# How can you simplify $\sqrt{9-6\sqrt{2}}$?

How do you simplify: $$\sqrt{9-6\sqrt{2}}$$

A classmate of mine changed it to $$\sqrt{9-6\sqrt{2}}=\sqrt{a^2-2ab+b^2}$$ but I'm not sure how that helps or why it helps.

This questions probably too easy to be on the Math Stack Exchange but I'm not sure where else to post it.

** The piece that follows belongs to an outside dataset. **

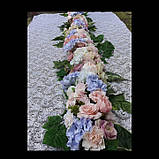 Гірлянда квіткова мікс рожево- бузково-лавандовий, фото 4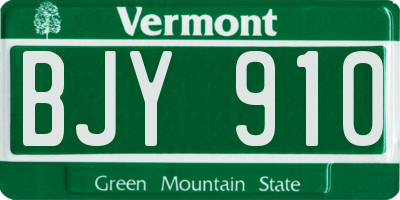 VT license plate BJY910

• See How to simplify a square root for several applicable approaches.
– dxiv
Sep 30 '18 at 5:06
• Find $a,b$ such that $\sqrt{9-6\sqrt 2}=\sqrt{a+b-2\sqrt{ab}}$ since $\sqrt{a+b-2\sqrt{ab}}=\sqrt{(\sqrt a-\sqrt b)^2}$. Sep 30 '18 at 5:07

Try to use the formula your classmate gave. In this situation, $$9-6\sqrt2={\sqrt3}^2-2{\sqrt{3\times6}}+{\sqrt6}^2\Rightarrow(1)$$ That is because $$6{\sqrt2}=2{\sqrt{3\times6}}$$ Expression (1) now looks similar to $$a^2-2ab+b^2$$ where $$a=\sqrt3$$ and $$b=\sqrt6$$ Using this we can conclude that $$9-6\sqrt2={\sqrt3}^2-2{\sqrt{3\times6}}+{\sqrt6}^2=(\sqrt3-\sqrt6)^2$$ We can subsitute in the original expression $$\sqrt{9-6\sqrt2}=\sqrt{(\sqrt3-\sqrt6)^2}=-(\sqrt3-\sqrt6)=\sqrt6-\sqrt3$$ The simplest form will be $$\sqrt6-\sqrt3$$

Let's forget about $$9-6\sqrt{2}$$ for a second and just think about the expression your classmate thinks is useful:$$a^2-2ab+b^2.$$

And let's keep in mind our goal here. We're looking for something which is a perfect square (since we want it to play well inside a $$\sqrt{\quad}$$...

Well, this should remind us of $$a^2\color{red}{+}2ab+b^2=(a+b)^2.$$ But that "$$-$$" on the $$2ab$$ term is throwing me off! Is there any way to fix it?

This is where we get something for free from just doing a small change of variable: if we let $$c=-b$$, we get $$a^2-2ab+b^2=a^2+2ac+c^2.$$ That right hand side is of course just $$(a+c)^2$$, or better yet $$(a-b)^2$$. So we now know: $$\color{green}{\sqrt{a^2-2ab+b^2}=a-b}$$ (or rather, fine, $$\vert a-b\vert$$. FINE.).

That's why what your friend wants to do is reasonable. So nowthe question is: how do we do it?

Ultimately this can just feel like trial-and-error at first, but my instinct here is to say that "$$-6\sqrt{2}$$" looks a lot like "$$-2ab$$." Because they both have a minus sign. And $$6$$ is even. This doesn't work immediately, but when we factor out a $$3$$ things get much cleaner ...

\begin{align} 9 - 6\sqrt2 &= 3 (3-2\sqrt2) \\ &= 3((\sqrt2)^2 - 2(1)\sqrt{2} +1^2) \\ &= 3(\sqrt2-1)^2 \end{align} Hence, $$\sqrt{9-6\sqrt2} = \sqrt{3}(\sqrt2 - 1)$$

Your class mate is being.... clever.

If $\sqrt {9-6\sqrt 2}=a-b$ then $9-6\sqrt 2=a^2-2ab+c^3$

Let $2ab=6\sqrt 2$ and $a^2+b^2=9$.

Can we do that?

If we let $b^2=k$ and $a^2=9-k$ then $ab=\sqrt {k (9-k)}=3\sqrt 2=\sqrt {18}$. Solving $k (9-k)=18$ for $k$ (if it isn't visiblely obvious that we can do it in our heads, it is just a quadratic that we can solve by quadratic formula) and, for covenience, choicing the smaller solution (because we want $a>b$), we get $k =3$ is a good solution..

So $a=\sqrt 6$ and $b=\sqrt 3$.

I.e. in other words

$\sqrt {9-6\sqrt 2}=$

$\sqrt {6-2\sqrt 6\sqrt 3 +3}=$

$\sqrt {(\sqrt 6- \sqrt 3)^2}=$

$|\sqrt 6 - \sqrt 3|=$

$\sqrt 6 -\sqrt 3$.

The reason for doing that is that $$\sqrt{a^2-2ab+b^2} = \sqrt{(a-b)^2} = a-b$$. Now try to put your radical in the form your classmate suggested!